Excerpts from an Interview with Sithara by the Thiraseela team.

You maintained a balance between dance & singer for quite some time. You were even trained under Kalamandalam Vinodhini in dancing for a long time. Which particular juncture made you realize that you are primarily a singer?

Dance performance by Sithara Krishnakumar
My personal interest is to pursue both dancing & music career. When I started taking part in singing competitions there was an avalanche of TV shows & reality issues. Owing to the popular events & opportunities that is coming my way I am more into playback singing & musical performances.  I was trained in Kuchuppidi & Mohiniyattam and used to perform both art forms in many stages including Guruvaryoor & Nishagandhi.  Even now I am continuing with my dancing career, though for the last one year I have not made any public dance appearance. I ensure to spend time with my dance teacher to always keep my dancing skills alive. Currently since I am trying to explore various styles in music, I am unable to dedicate time for dance.

‘Penpaattukal’ a folk compilation was one of your areas of research. Is it still on?
The research is still on to compile something in a very authentic manner by giving due respect to the great folk artists. My intention is to really connect to the masters behind such folk forms and popularize that so that we will be able to recreate those songs to revive the rich culture and musical value these forms posses. The lyrics mainly deals with socio-political background and I am planning to make it appealing in contemporary style. It demands a lot of time as I need to personally meet the people who are familiarized with this musical style and who practice this as part of their traditional functions & events. PenPaatukal is a term which I use just to categorize a collection of different styles of folk music though I am not sure if that could be termed as such formally. The intention is to come up with albums for those genres. I try to find time during my journey as a part of stage shows in different places. So the quest is still on and hopes it will culminate in a good product.

You were an active participant in District & University level Youth festivals. Recently for the 2013 State youth festival you were invited as a performer, so could you please share the nostalgic experience?

 It was indeed nostalgic when I was invited as an artist to perform at the Youth fest which was held at Mallappurram district. I represented Mallapuram during all the University festivals. The venue and ambience was very much familiar. It’s indeed a proud moment to perform as a guest for such an event. It was a Gazal performance and this is the place in Kerala where you could find the maximum Gazal lovers. Many teachers were there who have seen me practicing during my school days and they were very happy to see me pursuing a career according to my passion. I met many senior photographers & reporters who have been reporting such events for many years, which was also a cute experience.

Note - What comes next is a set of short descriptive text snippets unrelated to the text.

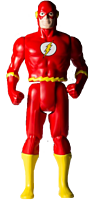 The Flash Action Figure - Main Image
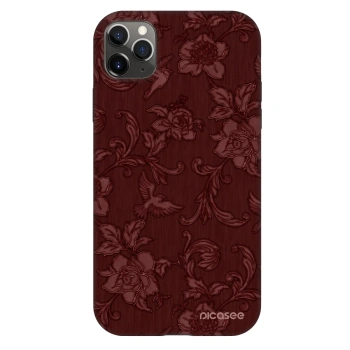 Ovitek za Apple iPhone 11 Pro Max - Red Elegance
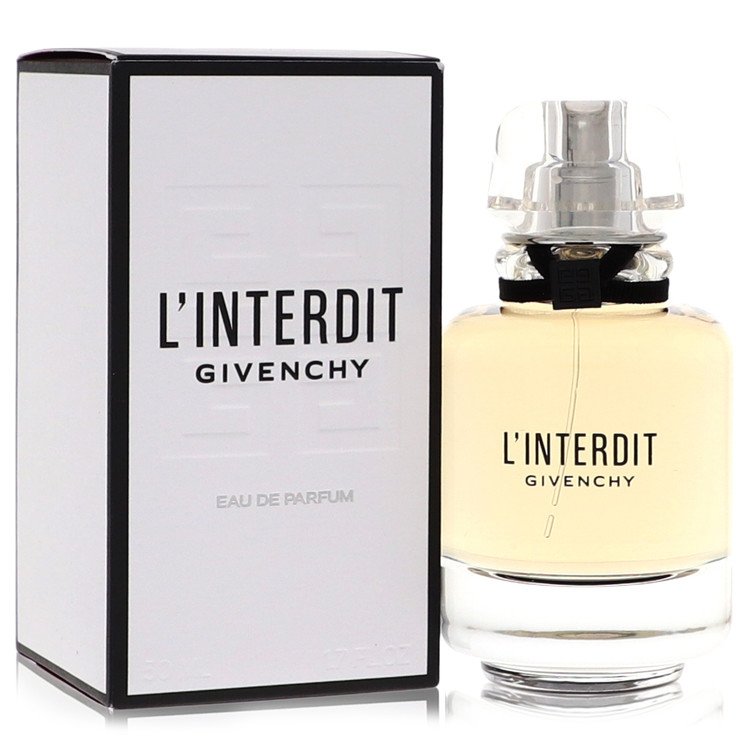 L'interdit Perfume By Givenchy Eau De Parfum Spray- Free Shipping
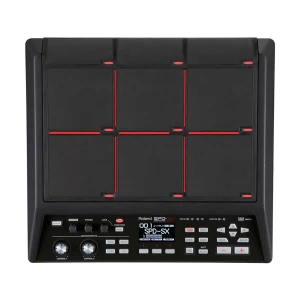 Roland SPD-SX Black Hybrid Sampling Pad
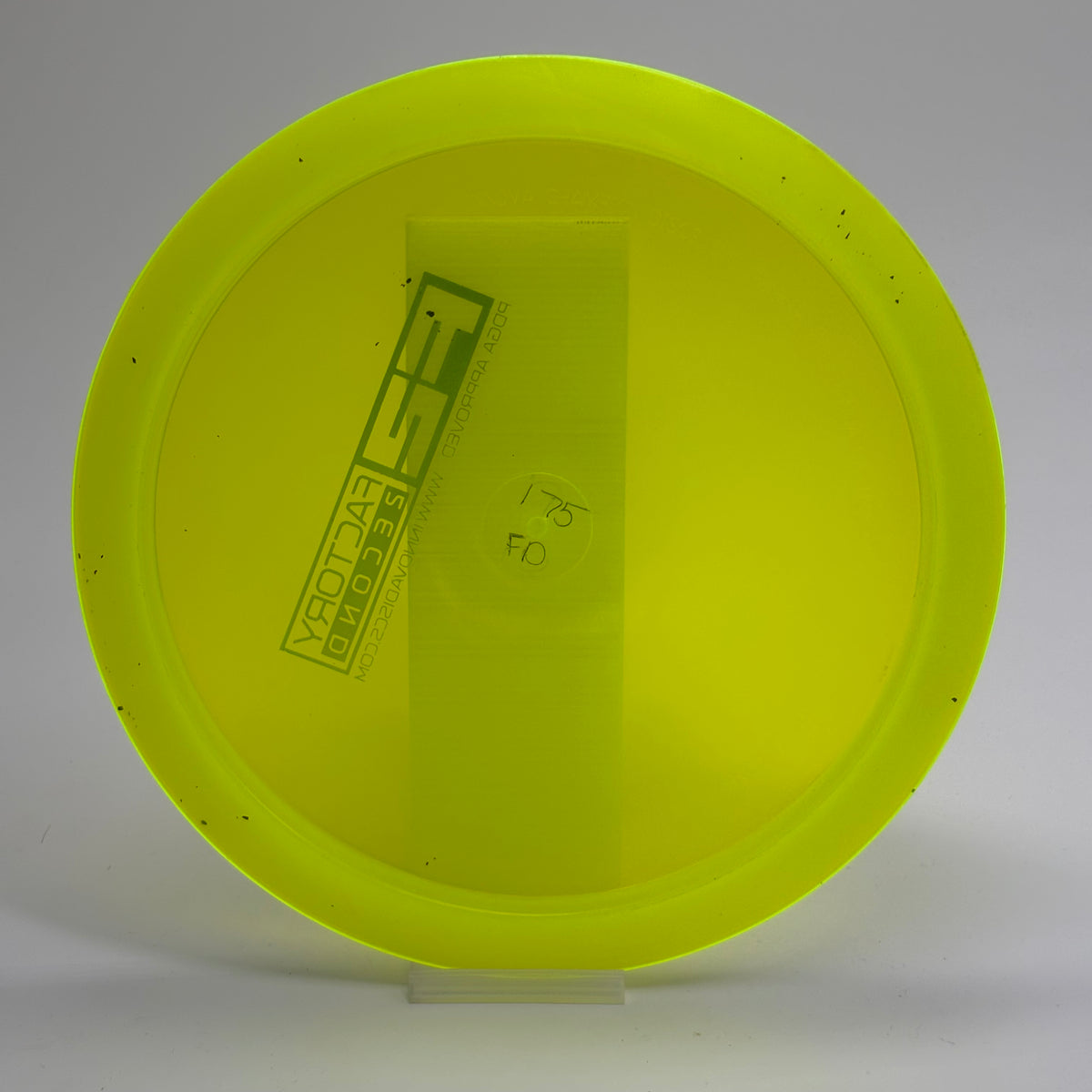 Used | Discmania FD | C-Line | Innova OOP Penned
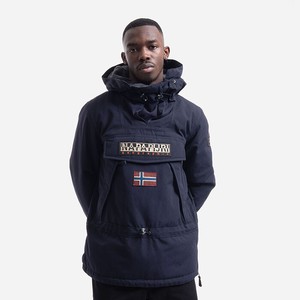 napapijri blue jacket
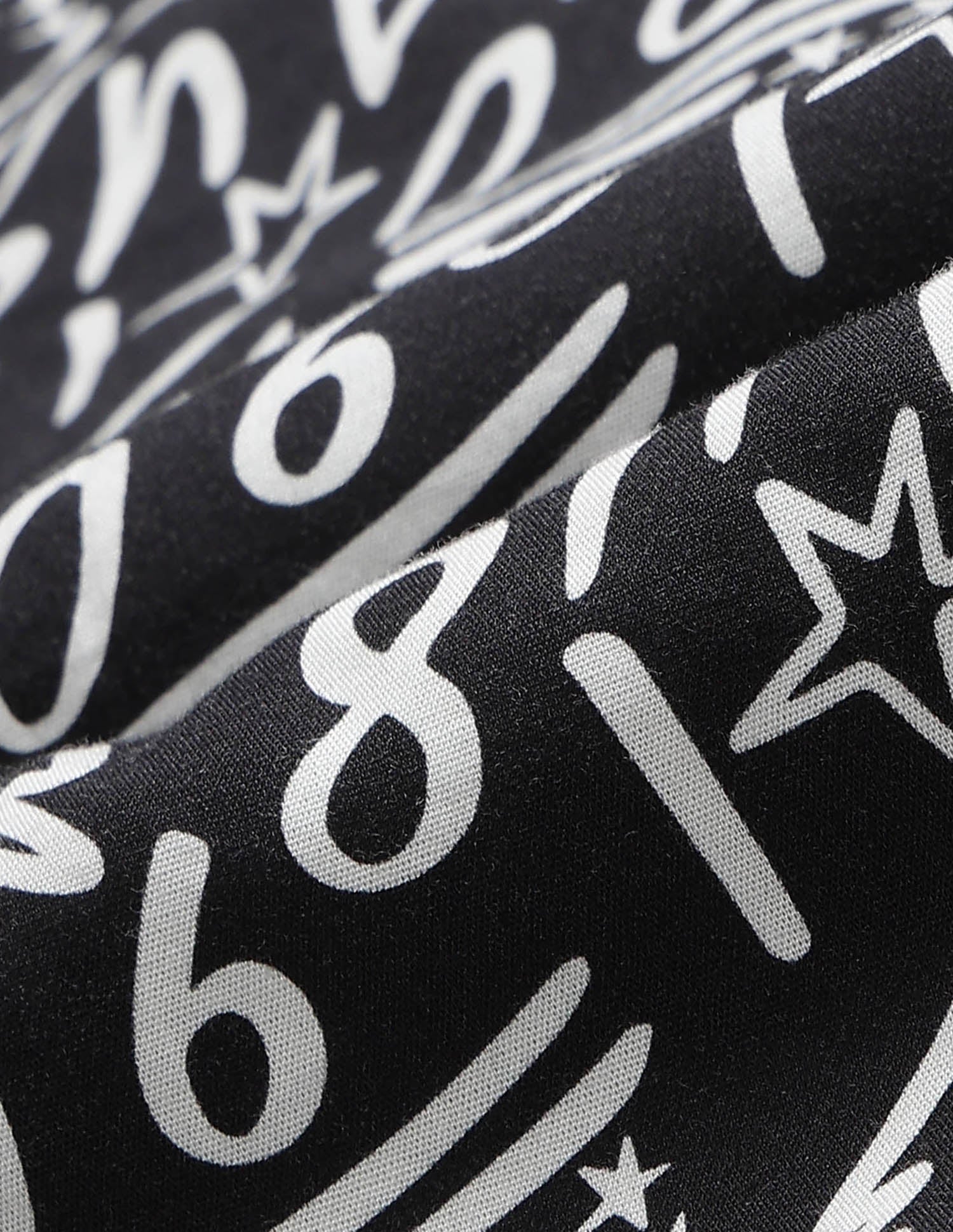 Boys All Over Printed Cuban Shirt - Image 2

Any noticeable difference in 4 South Indian languages considering your experience in these industries?

 I was initially launched in Malayalam by Alphonse Sir in the movie Athisyan. Then I sang few songs for films in Malayalam. When I got a chance in Tamil for G. V. Prakash Kumar Sir’s recording I was familiarised with the recording studios. I felt like being in the comfort zone when I was recording for Tamil too. My first Kannada song was composed by Ouseppachan Sir. For Kannada & Telugu too, my previous experience in other language rounds in different competitions helped me a lot. With the help of lyricists and assistant music directors we can overcome the initial barrier of not knowing the language in detail. For some recordings the lyricist will explain each word its meaning to enhance the expressions & emotions to be provided.


Gazal Concert by Sithara Krishnakumar

Apart from being a dancer and musician you have tried in various fields like anchoring, short films and so on. Any such aspirations in other fields too. Regarding future plans in your musical journey.

 Music & dance will always remain my passion. Short film was part of a club formed by many passionate friends in my college as part of our project for English Department, which could be treated as a onetime stuff. I am currently undergoing training in Hindustani Classical music, Ustad Fayaz Khan. I have joined Rabindra Bharathi University for M.A Hindustani. In order to perform classical concerts in future, we need to practice a lot so my prime duty is to dedicate time for musical training. Playback singing is sure to go on based on the opportunities that come my way. Non-filmy collection is  another area of focus where I am planning to come up with an album which consists of Malayalam Gazals. Few of my friends have contributed a lot with lyrics and theme for each of the songs in that upcoming collection.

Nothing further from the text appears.